Mark Zuckerberg of Facebook spoke to the United Nations this past week and talked about the need to bring Internet access to the five billion people on the planet that do not have it. He says that bringing Internet access to people is the most immediate way to help lift people out of abject poverty.
And one has to think he is right. Even very basic Internet access, which is what he and those other companies are trying to supply, will bring those billions into contact with the rest of the world. It’s hard to imagine how much untapped human talent resides in those many billions and access to the Internet can let the brightest of them contribute to the betterment of their communities and of mankind.
But on a more basic level, Internet access brings basic needs to poor communities. It opens up ecommerce and ebanking and other fundamental ways for people to become engaged in ways of making a living beyond a scratch existence. It opens up communities to educational opportunities, often for the first time. There are numerous stories already of rural communities around the world that have been transformed by access to the Internet.
One has to remember that the kind of access Zuckerberg is talking about is not the same as what we have in the developed countries. Here we are racing towards gigabit networks on fiber, while in these new places the connections are likely to be slow connections almost entirely via cheap smartphones.
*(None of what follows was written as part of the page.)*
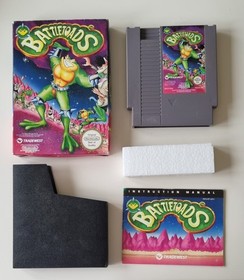 NES BATTLETOADS ORIGINAL NINTENDO VIDEO GAME, BOX  MANUAL UK PAL REGION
But you have to start somewhere.
Of course, there is also a bit of entrepreneurial competition going on here since each of these large corporations wants to be the face of the Internet for all of these new billions of potential customers. And so we see each of them taking different tactics and using different technologies to bring broadband to remote places.
Ultimately, the early broadband solutions brought to these new places will have to be replaced with some real infrastructure. As any population accepts Internet access they will quickly exhaust any limited broadband connection from a balloon, airplane, or satellite. And so there will come a clamor over time for the governments around the world to start building backbone fiber networks to get real broadband into the country and the region. I’ve talked to consultants who work with African nations and it is the lack of this basic fiber infrastructure that is one of the biggest limitations on getting adequate broadband to remote parts of the world.
And so hopefully this early work to bring some connectivity to remote places will be followed up with a program to bring more permanent broadband infrastructure to the places that need it. It’s possible that the need for broadband is going to soon be ranked right after food, water, and shelter as a necessity for a community. I would expect the people of the world to expect, and to then push their governments into making broadband a priority. I don’t even know how well we’ll do to get fiber to each region of our own country, and so the poorer parts of the world face a monumental task over the coming decades to satisfy the desire for connectivity. But when people want something badly enough they generally find a way to get what they want, and so I think we are only a few years away from a time when most of the people on the planet will be clamoring for good Internet access.